··· Exercise data ···

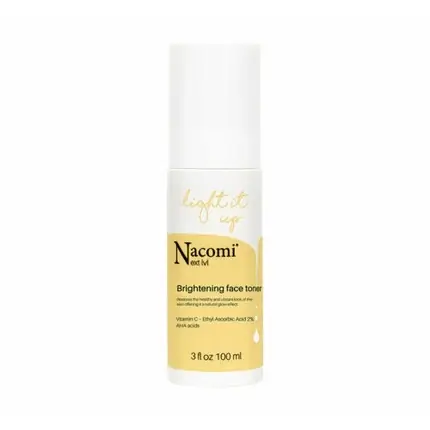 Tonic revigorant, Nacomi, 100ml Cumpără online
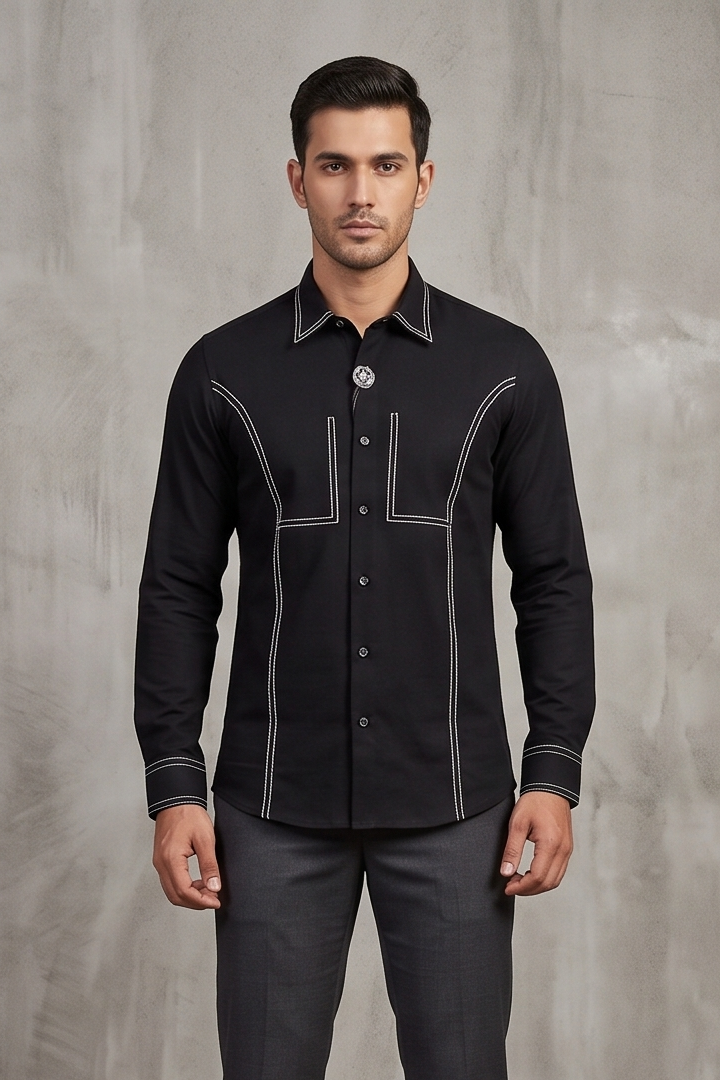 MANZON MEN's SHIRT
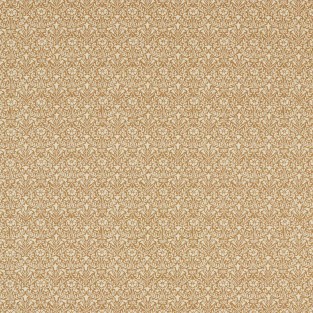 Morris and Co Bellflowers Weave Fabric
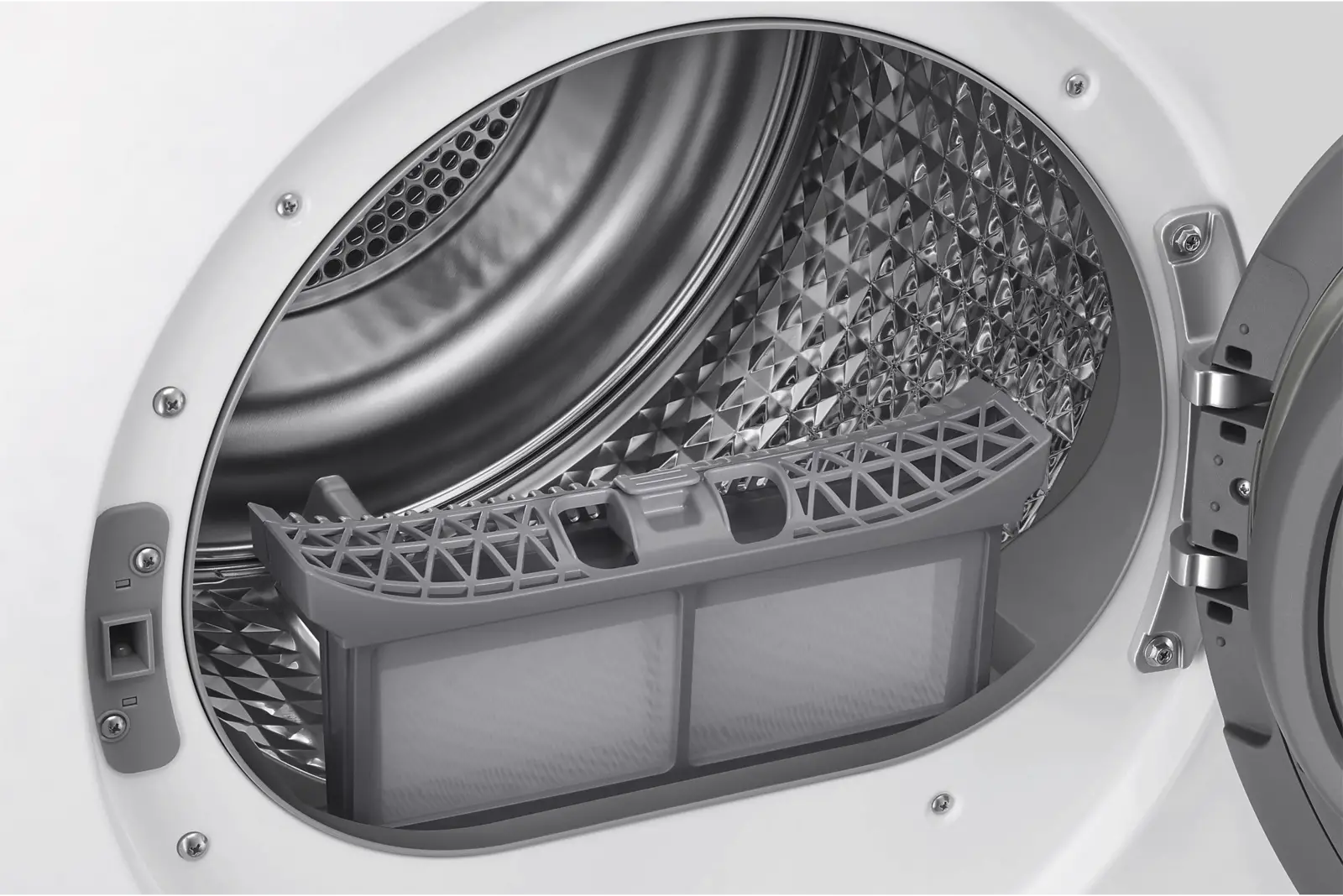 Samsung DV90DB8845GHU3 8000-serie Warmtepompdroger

···

Instructions for the task
With the pictures left out, output exactly the lines from the one with "MANZON MEN's SHIRT" through the end of the listing above, both ends included.

Exercise solution
 MANZON MEN's SHIRT
 Morris and Co Bellflowers Weave Fabric
 Samsung DV90DB8845GHU3 8000-serie Warmtepompdroger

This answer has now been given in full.